U.S. President Joe Biden and Chinese President Xi Jinping on Thursday warned each other over what they view as destabilizing acts regarding Taiwan, as a possible visit to the island by the U.S. House of Representatives speaker has increased bilateral tensions.
In what was their fifth call since Biden took office in January last year, the two leaders also discussed the value of meeting face to face and agreed to have their teams follow up to find "a mutually agreeable time to do so," a senior U.S. administration official said.
Speaking for more than two hours, the leaders looked into areas where the two countries can work together, with particular focus on climate change and health security, exchanged views on Russia's war against Ukraine and its global impact, and had an "in-depth" discussion about Taiwan, the official added.
According to China's official Xinhua News Agency, Xi expressed resolute opposition to efforts toward Taiwan independence or any interference by external forces.
While emphasizing that "both sides of the Taiwan Strait belong to one and the same China" and vowing to safeguard China's national sovereignty and territorial integrity, Xi was quoted as saying, "Those who play with fire will perish by it."
China has been delivering strong warnings against U.S. House speaker Nancy Pelosi visiting Taiwan after the potential move was reported by media last week. The Chinese military said it "will not sit idly by" if she goes ahead with the trip, which would be the first such visit to the island by a holder of the powerful congressional post in 25 years.
The U.S. official did not tell reporters whether Pelosi's trip was specifically discussed between Biden and Xi.
Biden reaffirmed that Washington remains committed to its one-China policy, under which it recognizes Beijing as the sole legal government of China, and that the United States "strongly opposes unilateral efforts to change the status quo or undermine peace and stability across the Taiwan Strait," according to the White House and the official.

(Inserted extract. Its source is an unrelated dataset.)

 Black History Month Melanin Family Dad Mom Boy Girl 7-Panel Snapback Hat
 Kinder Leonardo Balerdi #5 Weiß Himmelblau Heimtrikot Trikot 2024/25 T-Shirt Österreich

"The two discussed that the United States and China have differences when it comes to Taiwan, but they have managed those for over 40 years and that keeping an open line of communication on this issue is essential to doing so," she said.
Beijing views Taiwan as a renegade province awaiting reunification with the mainland, by force if necessary.
The United States changed its diplomatic recognition from Taipei to Beijing in 1979, but has maintained unofficial relations with the self-ruled democratic island and supplies it with arms and spare parts to help it maintain sufficient self-defense capabilities.
Biden also reiterated to Xi his concerns over allegations of Beijing's human rights abuses and its activities that are at odds with the international rules-based order.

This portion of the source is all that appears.